Bd. of Trs. of Johnson Cnty. Cmty. Coll. v. Mission Co.

Decision Date10 October 2014
Docket Number110,017.
Citation337 P.3d 71 (Table)
PartiesBOARD OF TRUSTEES OF JOHNSON COUNTY COMMUNITY COLLEGE, Appellee, v. MISSION CO., Mission Developers, LLC, et al., Defendants, and The Gateway Developers, LLC, Appellant.
CourtKansas Court of Appeals

Kevin J. Breer and Brett C. Randol, of Polsinelli PC, of Kansas City, Missouri, for appellant.

Eldon J. Shields and Steven R. Smith, of Gates, Shields & Ferguson, P.A., of Overland Park, for appellee.

Before STANDRIDGE, P.J., GREEN and ATCHESON, JJ.

MEMORANDUM OPINION

PER CURIAM.

The Gateway Developers, LLC (Gateway), acquired the Mission Center Mall and with it a 5–year commercial lease with Johnson County Community College (JCCC).
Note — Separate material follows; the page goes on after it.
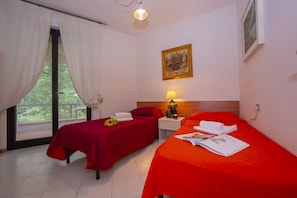 Chambre à deux lits avec vue sur le jardin et accès à la terrasse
A rider attached to the lease provided that the landlord could terminate the lease by giving JCCC 300 days' notice and paying JCCC for a portion of what it spent remodeling the space to make it suitable for college classes. Gateway later learned that it would have to tear down the mall and enlarge underground culverts in order for the City of Mission (City) to approve any redevelopment plans. Gateway terminated the lease with JCCC before the 5–year term ended, without giving a full 300 days' notice. Accordingly, JCCC moved its classes to a former junior high school owned by the Bishop Miege High School Foundation (Bishop Miege).

JCCC filed suit against Gateway, and the trial court found in favor of the community college on its breach of contract, wrongful eviction, and promissory estoppel claims. As damages, the court awarded JCCC the construction expenses related to making the Bishop Miege property a suitable space to hold classes and a pro rata amount of the money JCCC spent remodeling the mall space right before it moved in. The court found no merit to JCCC's claim for tortious interference with a business advantage.

Gateway appeals, arguing that the trial court erred (1) by awarding a pro rata amount of what JCCC originally spent remodeling the mall before it moved in and (2) by permitting JCCC to present a summary of expenses itemizing construction costs associated with converting the Bishop Miege property into a suitable space to hold classes. JCCC cross-appeals, arguing that the trial court (1) abused its discretion by denying JCCC's motion to amend the petition to add a claim for punitive damages and (2) erred in finding insufficient evidence of lost-profit damages.

For the reasons stated below, we find no merit to the claims or counterclaims presented by the parties and, therefore, affirm the trial court's decision in all respects.

Facts

On August 13, 2002, Mission Company and JCCC entered into a 5–year (plus partial-year) commercial lease. Mission Company agreed to lease approximately 7,543 square feet in the Mission Center Mall in Mission, Kansas. Under the lease, JCCC was responsible for all improvements necessary to make the space suitable for classrooms, including store fronts, ceilings, walls, paint, floors, plumbing, electrical work, HVAC exhaust and make-up air systems, and telephones.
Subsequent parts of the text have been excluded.